A Russian airstrike using deadly glide bombs has destroyed a cafe, set a petrol station ablaze and left 10 civilians injured in Ukraine’s northeast region of Kharkiv.
The attack, which left one bus driver close to the explosion without both his legs, is the latest in Russia’s assault in the region after Vladimir Putin’s forces opened up a second front nearly two weeks ago.
“I’ve been left with nothing,” the cafe owner Vahe Ohandzhanian said after the strike, as he stood amid the ruins of the building.
A 12-storey high rise across the road had nearly all its windows blown out, while a green trolleybus in which the driver who lost his legs had been sitting also suffered significant damage.
Regional prosecutors said Russia had used a UMPB D-30 guided bomb launched from the bordering Belgorod region to carry out the attack.
“Ten injured civilians, four were hospitalised, one of the men is in serious condition,” the Kharkiv region’s governor Oleh Syniehubov wrote on Telegram. He posted pictures showing the destroyed cafe and the bloodied side of the green trolleybus.
Kharkiv, Ukraine’s second largest city, and the surrounding region have been targeted by Russian attacks since the start of the full-scale war in 2022.
But aid workers stationed in the region say the situation has become more “tense” in the six weeks or so since Russia has started using glide bombs.
These explosives, some of which weigh more than a tonne, are old bombs that have been modified with “wings” and GPS systems so that they can be dropped by fighter jets from afar, out of range of Ukrainian anti-air defences, and glide towards their target.
What they lack in accuracy, they make up for with destruction.
“If a glide bomb hits, you’ve just got no hope,” says Ada Wordsworth, a young Brit who runs a humanitarian aid charity in Kharkiv. “The destruction is so massive.
“There’s not much point in going into a shelter because if a glide bomb hits, the crater will be deeper than the shelter. It’s a very weird form of a psychological torture that [the Russians] are instilling.”
Strikes have become far more intense in recent months, hitting civilian and energy infrastructure, as Russian forces have opened their new front north of the regional capital, home to some 1.3 million civilians.
Soldiers of Ukraine’s elite 92nd Separate Assault Brigade have been sent to reinforce the positions near Vovchansk, a town around 35 miles from Kharkiv city that has become a key primary defence for Ukraine in the eastward assault of Russia’s multi-pronged attack on the region.
They say the fighting is constant and that they are trying “to inflict maximum casualties” on the advancing Russians.

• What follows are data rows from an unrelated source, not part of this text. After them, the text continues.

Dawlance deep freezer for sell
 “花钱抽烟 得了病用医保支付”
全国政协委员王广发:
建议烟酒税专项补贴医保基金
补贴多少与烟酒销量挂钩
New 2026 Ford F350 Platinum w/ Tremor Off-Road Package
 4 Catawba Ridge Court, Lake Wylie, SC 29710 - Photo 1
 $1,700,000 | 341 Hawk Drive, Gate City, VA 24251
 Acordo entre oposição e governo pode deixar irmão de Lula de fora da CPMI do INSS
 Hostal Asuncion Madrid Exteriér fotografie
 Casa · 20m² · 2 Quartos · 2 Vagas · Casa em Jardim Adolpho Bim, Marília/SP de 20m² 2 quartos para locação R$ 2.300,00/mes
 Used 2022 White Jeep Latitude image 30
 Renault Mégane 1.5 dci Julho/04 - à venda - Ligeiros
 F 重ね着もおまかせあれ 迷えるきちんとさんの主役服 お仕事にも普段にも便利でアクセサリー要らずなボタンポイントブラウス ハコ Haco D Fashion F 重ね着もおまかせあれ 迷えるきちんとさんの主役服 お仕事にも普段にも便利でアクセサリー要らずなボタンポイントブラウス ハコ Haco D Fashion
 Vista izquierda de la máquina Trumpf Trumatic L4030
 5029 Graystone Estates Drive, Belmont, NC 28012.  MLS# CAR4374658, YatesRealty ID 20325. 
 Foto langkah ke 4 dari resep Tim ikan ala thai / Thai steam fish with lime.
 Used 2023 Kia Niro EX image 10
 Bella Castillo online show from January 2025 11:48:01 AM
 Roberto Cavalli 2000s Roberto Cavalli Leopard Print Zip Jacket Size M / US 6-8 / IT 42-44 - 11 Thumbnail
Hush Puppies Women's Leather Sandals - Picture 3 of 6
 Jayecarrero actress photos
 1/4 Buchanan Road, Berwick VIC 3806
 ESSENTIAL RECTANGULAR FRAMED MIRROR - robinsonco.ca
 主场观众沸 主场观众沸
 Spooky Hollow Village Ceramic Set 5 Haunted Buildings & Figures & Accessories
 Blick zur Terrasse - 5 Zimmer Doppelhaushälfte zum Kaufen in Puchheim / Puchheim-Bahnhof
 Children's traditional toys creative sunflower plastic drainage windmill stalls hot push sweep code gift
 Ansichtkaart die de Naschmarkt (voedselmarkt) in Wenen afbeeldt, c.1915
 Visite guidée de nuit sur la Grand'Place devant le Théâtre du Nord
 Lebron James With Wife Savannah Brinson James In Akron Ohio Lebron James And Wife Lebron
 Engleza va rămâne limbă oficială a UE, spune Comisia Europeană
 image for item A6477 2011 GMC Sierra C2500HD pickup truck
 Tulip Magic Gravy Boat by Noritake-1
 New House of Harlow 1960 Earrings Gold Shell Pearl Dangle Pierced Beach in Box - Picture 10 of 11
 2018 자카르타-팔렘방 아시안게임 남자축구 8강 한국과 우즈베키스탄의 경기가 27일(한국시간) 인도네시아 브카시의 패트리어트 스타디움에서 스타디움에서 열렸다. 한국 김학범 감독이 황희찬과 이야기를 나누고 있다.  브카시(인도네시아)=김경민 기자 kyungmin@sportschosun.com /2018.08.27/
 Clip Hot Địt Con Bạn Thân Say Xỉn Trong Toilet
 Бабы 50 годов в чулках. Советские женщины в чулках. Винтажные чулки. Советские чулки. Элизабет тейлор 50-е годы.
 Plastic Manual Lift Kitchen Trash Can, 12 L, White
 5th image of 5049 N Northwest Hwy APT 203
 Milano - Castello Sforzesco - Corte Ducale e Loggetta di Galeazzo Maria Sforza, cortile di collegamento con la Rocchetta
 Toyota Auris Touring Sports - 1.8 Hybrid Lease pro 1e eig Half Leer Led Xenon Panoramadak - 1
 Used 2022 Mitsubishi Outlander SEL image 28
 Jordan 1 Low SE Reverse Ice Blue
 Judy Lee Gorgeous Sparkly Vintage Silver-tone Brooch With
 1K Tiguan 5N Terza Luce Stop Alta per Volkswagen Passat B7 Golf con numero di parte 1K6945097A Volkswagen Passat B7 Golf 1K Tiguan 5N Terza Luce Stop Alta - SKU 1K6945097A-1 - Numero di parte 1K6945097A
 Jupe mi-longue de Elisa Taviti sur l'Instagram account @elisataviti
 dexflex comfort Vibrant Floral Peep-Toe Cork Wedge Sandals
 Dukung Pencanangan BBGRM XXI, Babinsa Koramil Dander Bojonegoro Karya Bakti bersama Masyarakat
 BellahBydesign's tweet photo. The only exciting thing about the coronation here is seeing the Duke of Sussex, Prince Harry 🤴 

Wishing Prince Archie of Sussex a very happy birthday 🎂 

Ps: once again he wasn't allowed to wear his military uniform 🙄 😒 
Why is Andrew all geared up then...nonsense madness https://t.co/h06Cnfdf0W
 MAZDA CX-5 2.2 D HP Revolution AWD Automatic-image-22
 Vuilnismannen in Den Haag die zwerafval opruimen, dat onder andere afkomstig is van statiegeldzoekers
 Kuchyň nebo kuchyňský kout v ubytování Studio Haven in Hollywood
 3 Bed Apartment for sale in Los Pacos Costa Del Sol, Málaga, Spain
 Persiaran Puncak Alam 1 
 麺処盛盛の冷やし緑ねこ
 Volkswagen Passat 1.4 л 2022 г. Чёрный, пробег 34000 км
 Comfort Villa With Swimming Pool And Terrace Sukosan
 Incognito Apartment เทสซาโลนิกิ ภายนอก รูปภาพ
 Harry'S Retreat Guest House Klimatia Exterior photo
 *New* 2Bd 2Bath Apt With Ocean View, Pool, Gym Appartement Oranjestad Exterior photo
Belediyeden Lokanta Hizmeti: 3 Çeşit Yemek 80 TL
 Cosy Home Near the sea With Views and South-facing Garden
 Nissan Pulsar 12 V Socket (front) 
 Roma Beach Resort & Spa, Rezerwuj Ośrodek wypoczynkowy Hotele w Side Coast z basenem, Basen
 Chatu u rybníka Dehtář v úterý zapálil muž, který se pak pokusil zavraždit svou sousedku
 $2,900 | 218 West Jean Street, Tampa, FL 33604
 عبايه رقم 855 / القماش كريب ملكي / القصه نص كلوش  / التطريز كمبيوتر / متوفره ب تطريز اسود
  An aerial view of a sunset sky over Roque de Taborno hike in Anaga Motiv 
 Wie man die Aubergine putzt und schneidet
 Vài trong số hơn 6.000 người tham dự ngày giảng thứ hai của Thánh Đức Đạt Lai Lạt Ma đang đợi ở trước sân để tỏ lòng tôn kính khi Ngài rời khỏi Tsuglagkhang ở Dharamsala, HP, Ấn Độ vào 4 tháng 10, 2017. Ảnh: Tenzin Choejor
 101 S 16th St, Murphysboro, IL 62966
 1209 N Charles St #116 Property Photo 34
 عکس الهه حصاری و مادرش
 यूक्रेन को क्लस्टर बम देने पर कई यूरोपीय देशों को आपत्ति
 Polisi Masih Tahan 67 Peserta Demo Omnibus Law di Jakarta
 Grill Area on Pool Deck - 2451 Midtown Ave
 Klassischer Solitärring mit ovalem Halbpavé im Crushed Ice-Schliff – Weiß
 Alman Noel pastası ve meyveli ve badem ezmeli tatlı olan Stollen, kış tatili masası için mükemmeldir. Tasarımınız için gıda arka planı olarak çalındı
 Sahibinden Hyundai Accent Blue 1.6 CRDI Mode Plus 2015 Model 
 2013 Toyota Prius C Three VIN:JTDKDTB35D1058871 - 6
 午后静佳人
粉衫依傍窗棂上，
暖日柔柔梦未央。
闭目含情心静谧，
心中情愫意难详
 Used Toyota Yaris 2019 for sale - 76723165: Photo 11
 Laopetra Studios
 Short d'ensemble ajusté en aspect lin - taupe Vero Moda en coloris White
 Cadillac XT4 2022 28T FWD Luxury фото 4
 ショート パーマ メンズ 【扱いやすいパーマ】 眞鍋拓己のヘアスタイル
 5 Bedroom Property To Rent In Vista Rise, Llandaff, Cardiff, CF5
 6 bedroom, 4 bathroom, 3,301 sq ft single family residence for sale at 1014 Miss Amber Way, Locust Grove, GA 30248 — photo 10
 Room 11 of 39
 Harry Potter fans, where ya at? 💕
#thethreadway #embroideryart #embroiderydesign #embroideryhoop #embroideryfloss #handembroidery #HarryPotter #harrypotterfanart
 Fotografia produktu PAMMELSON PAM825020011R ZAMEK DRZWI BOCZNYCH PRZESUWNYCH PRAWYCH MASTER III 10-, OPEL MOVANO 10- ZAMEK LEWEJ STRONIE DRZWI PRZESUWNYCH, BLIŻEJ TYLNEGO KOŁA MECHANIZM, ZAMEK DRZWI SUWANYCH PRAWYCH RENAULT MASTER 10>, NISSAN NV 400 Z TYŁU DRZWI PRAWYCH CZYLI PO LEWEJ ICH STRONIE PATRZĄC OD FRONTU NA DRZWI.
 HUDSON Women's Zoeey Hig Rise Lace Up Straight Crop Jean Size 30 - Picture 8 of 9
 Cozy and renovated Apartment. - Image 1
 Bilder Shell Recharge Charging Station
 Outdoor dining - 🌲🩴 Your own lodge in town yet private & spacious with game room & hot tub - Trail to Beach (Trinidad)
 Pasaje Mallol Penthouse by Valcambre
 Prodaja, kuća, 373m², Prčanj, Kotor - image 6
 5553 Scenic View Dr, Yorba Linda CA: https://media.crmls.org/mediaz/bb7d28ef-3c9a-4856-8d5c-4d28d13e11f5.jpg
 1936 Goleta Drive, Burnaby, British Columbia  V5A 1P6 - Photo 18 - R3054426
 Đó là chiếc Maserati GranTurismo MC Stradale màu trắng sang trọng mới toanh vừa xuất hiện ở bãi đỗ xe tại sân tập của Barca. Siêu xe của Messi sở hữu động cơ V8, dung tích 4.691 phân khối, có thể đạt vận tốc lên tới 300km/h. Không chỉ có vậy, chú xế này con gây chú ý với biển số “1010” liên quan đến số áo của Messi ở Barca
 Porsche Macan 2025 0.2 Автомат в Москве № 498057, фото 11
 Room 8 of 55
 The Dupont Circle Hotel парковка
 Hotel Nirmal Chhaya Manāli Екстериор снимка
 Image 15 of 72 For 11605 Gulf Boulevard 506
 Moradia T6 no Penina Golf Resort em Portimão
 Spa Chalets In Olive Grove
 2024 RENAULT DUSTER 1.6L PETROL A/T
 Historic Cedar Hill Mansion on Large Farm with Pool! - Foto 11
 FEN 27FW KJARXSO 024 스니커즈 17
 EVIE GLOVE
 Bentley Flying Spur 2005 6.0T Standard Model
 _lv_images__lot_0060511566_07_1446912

“We see them walking on foot to their positions. As they move, we of course try to hit them, to inflict maximum casualties," said Vitalii, commander of the brigade’s artillery unit, referring to a town on the Russian side of the border.
Further north, in the neighbouring Sumy region, a Russian attack on the area’s energy facilities knocked out the power for more than half a million residents, according to the energy ministry.
The attack also impacted power supplies to consumers in the neighbouring Chernihiv and Kharkiv regions, but they have since been restored, according to the ministry.
The mayor of the city of Kharkiv told The Independent he believes that delayed US military aid is to blame for the Russian advance and their concurrent aerial onslaught. The $61 billion (£48bn) package was blocked for six months by Donald Trump supporting Republicans. After being passed last month, the aid has been slowly arriving, but not early enough to stop the advance.
Sweden became the latest of Ukraine’s allies to step up to offer more support, announcing a 75 billion crowns (£5.5bn) military package to Kyiv on Wednesday.
The pledge means they have committed €9.195bn in military aid to Ukraine, which is more than all of Ukraine’s allies excluding the US and Germany. The UK has pledged a little over £4.4bn.
Ukrainian President Volodymyr Zelensky said the decision “demonstrates Sweden’s practical solidarity with Ukraine in our struggle for freedom”.
But the aid is scheduled to arrive in tranches over a three-year period, meaning the Ukrainian forces defending on the front, as well as the civilians in need of air defences, will still be left wanting in the short-term.